Die FDP spielt mit dem neuen Antisemitismus und das inszenierte Brechen von angeblichen Tabus dient lediglich dazu, den eigentlichen Tabubruch zu verschleiern. Es bleibt die entscheidende Frage, deren Beantwortung Herr Westerwelle, noch immer aussteht. Die Frage ist, ob es sich bei diesem inszenierten Tabubruch tatsächlich um eine persönliche Auseinandersetzung und Missverständnisse oder doch um eine angelegte Strategie der FDP handelt. Der Vorsitzende der FDP scheint die Antwort mit einem morgen erscheinenden Interview im "Stern" zu geben, das mit dem Titel "Diese Tabuwächter können mir gestohlen bleiben" überschrieben ist und in dem der Parteichef ganz offen dafür eintritt, auch am rechten Rand des politischen Spektrums um Wähler zu werben.

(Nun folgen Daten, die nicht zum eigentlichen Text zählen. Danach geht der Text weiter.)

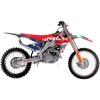 Dekalkit Replica Team HRC Glansig BLACKBIRD RACING – miniatyr 1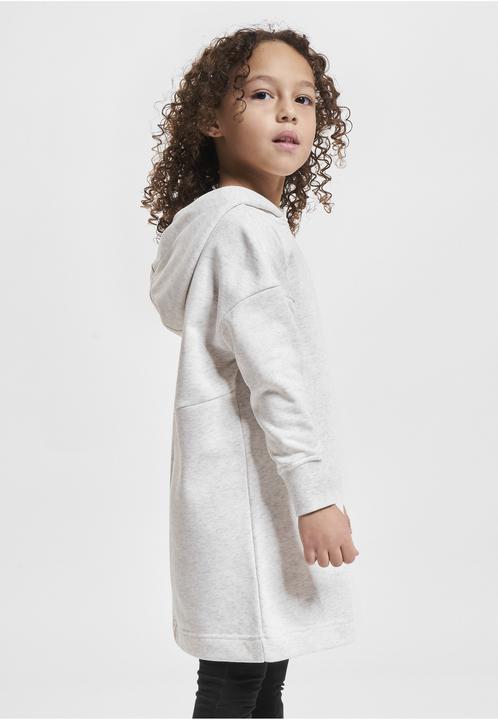 Image du produit Urban Classics Robe à capuche Terry Oversized pour filles (122, 128)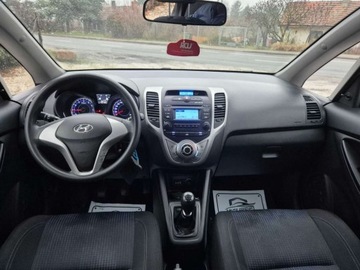 Hyundai ix20 Mikrovan 1.4 CVVT 90KM 2011 Hyundai ix20 HYUNDIA IX 20 Tylko 140 tys km Stan Bdb 2 Komplety Kol Serwis, zdjęcie 7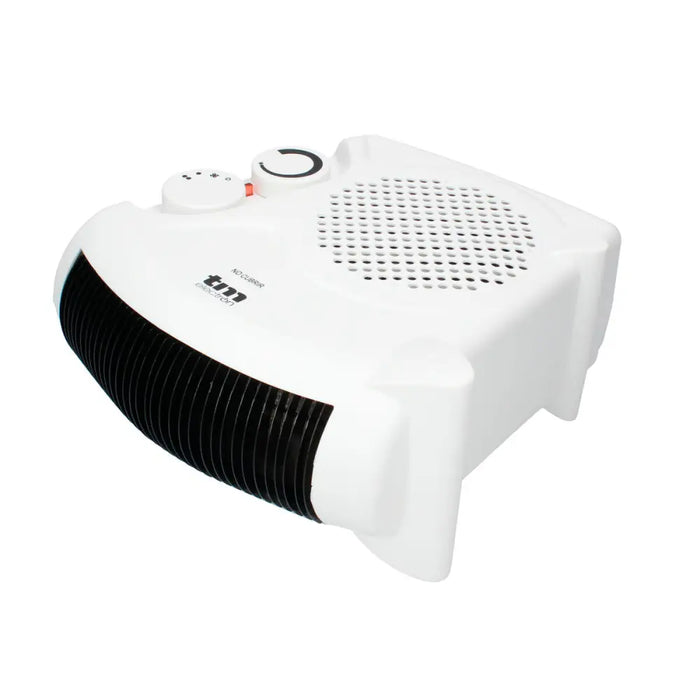Преносима вентилаторна печка TM Electron 1000-2000 W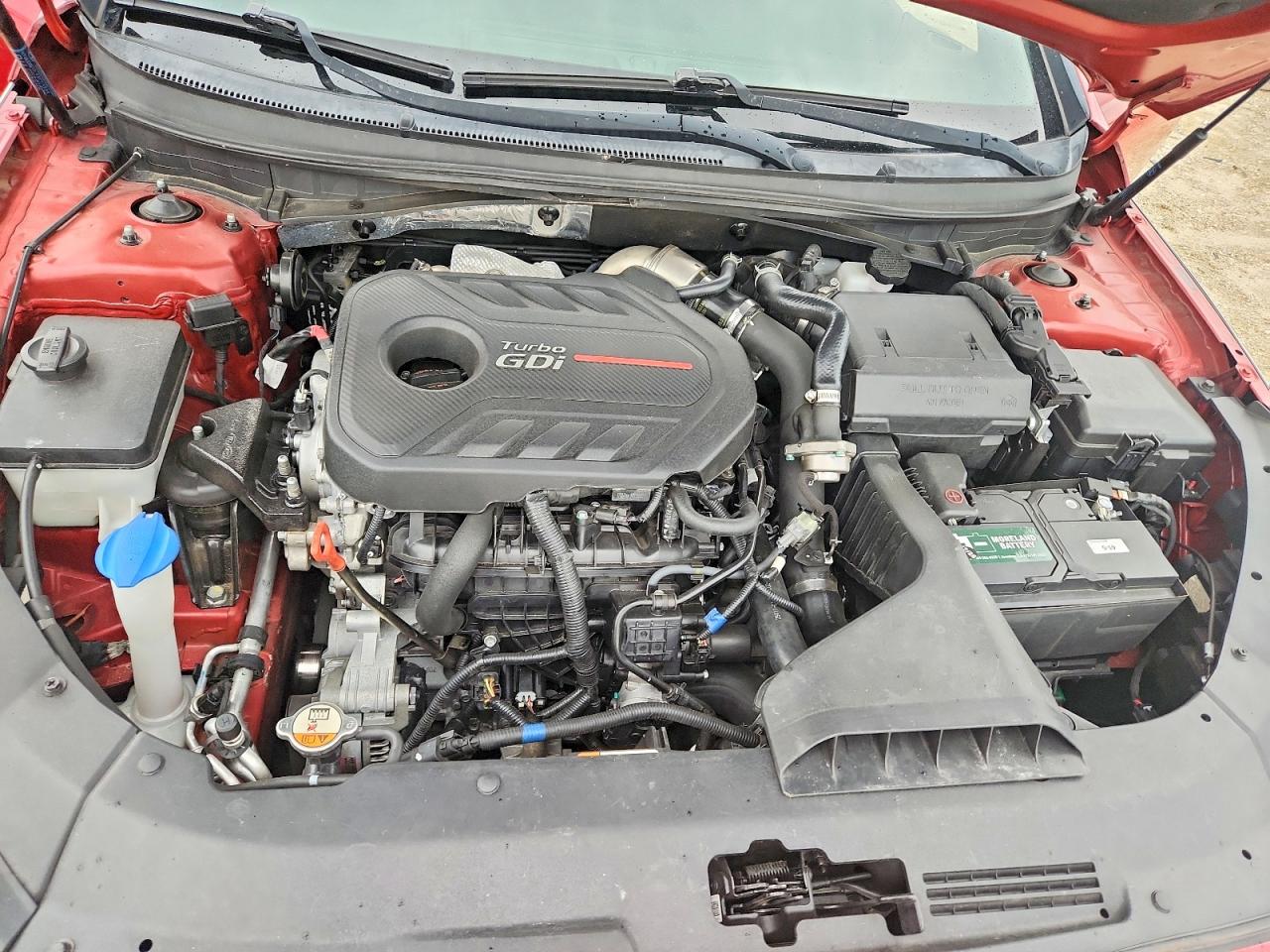 Hyundai SONATA Limited 2.0t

Die FDP wolle dem Interview zufolge bei der Bundestagswahl das große Protestpotenzial in der Bevölkerung von 25 Prozent ausschöpfen. Der Vorsitzende der FDP war es, der vor einem Jahr eine neue Normalität beim Umgang mit der deutschen Geschichte thematisierte. Er wird zitiert mit den Worten, dass die Jugend vom Zwang befreit werden müsse, "mit gebeugtem Haupt und gebeugtem Gang" durchs Leben zu laufen. Doch kann das heißen, Geschichte zu relativieren und Erinnerung zu vernachlässigen?

In seiner wichtigen Rede zum 8. Mai 1985 hat der damalige Bundespräsident Richard von Weizsäcker in aller Deutlichkeit vor dem Deutschen Bundestag darauf hingewiesen, dass es Versöhnung ohne Erinnerung nicht geben kann. Und weiter heißt es in dieser Rede: "Bei uns ist eine neue Generation in die politische Verantwortung hereingewachsen. Die Jungen sind nicht verantwortlich für das, was damals geschah. Aber sie sind verantwortlich für das, was in der Geschichte daraus wird." In der Berliner Erklärung der FDP aus der vergangnen Woche heißt es, dass jeder Versuch, "deutsche Politik aus der historischen Verantwortung zu reißen, an der FDP scheitern wird." Wenn dem so ist, Herr Westerwelle, dann tun Sie endlich etwas. Deutschland braucht keinen Populisten Möllemann, aber was uns zunehmend fehlt, ist eine liberale Partei, die diesen Namen auch verdient.

Ich danke Ihnen für Ihre Aufmerksamkeit.